Angioma

Cherry angioma — also known as cherry angiomas are mature small blood-vessel (capillary) growths that are very common in older adult patients. They are most commonly found on the trunk, but can be anywhere on the skin, including face, scalp and extremities. They are dome-shaped and usually blanch with pressure, unless scarred from trauma.

Cherry angiomas are harmless but may be confused with amelanotic melanoma, a deadly skin cancer that presents with ulcerated friable growth, with history of recent change or growth. They can also look like pyogenic granuloma, a harmless growth that has a history of rapid growth and spontaneous bleeding, often with minimal trauma. Unlike cherry angiomas, pyogenic granuloma occurs in all ages, specially during the second and third decade of life, during pregnancy, and are usually triggered by trauma and medications.

Treatment for angioma is sought for cosmetic reasons or for growths that are bleeding, or subject to constant trauma.

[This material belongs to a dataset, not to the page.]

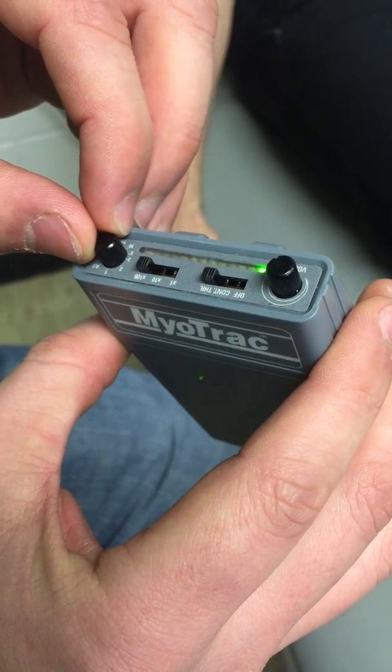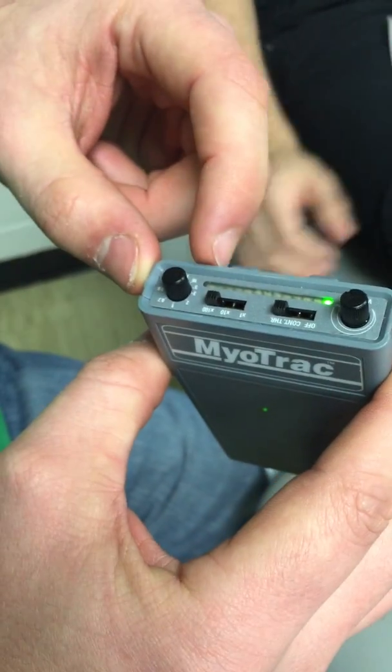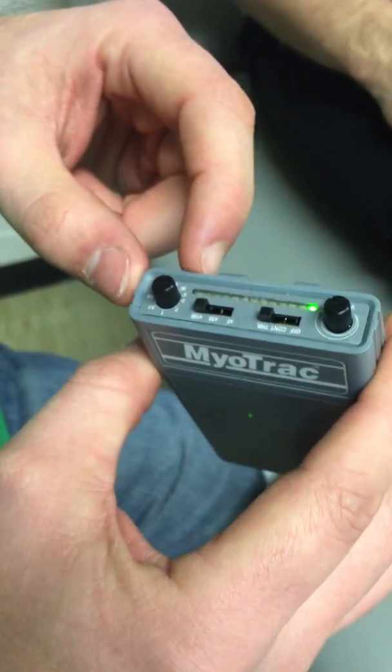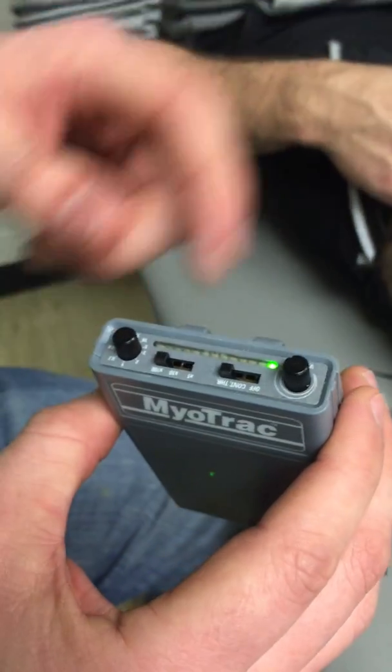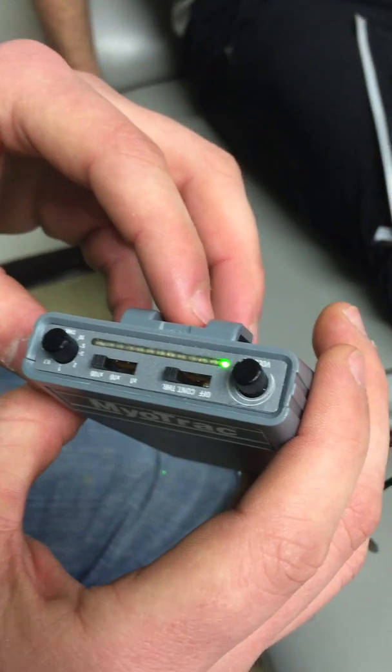What we've got set for Brett is 500 at the midline, because he's nearing about a thousand on his max contraction for his quad set. We're going to have him go ahead and do a quad set now — and we're getting nothing.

Most common treatment options are:

●Electrocauterized after local anesthesia for small growths

●Shave excision and electrocauterization of the base for larger lesions

●Cryotherapy

●Laser therapy for superficial lesions

 If there is any concern for malignancy, the growths should be sampled  and sent for pathological examination and definitive diagnosis.  Talk to your dermatologist to find out what treatments may be right for you.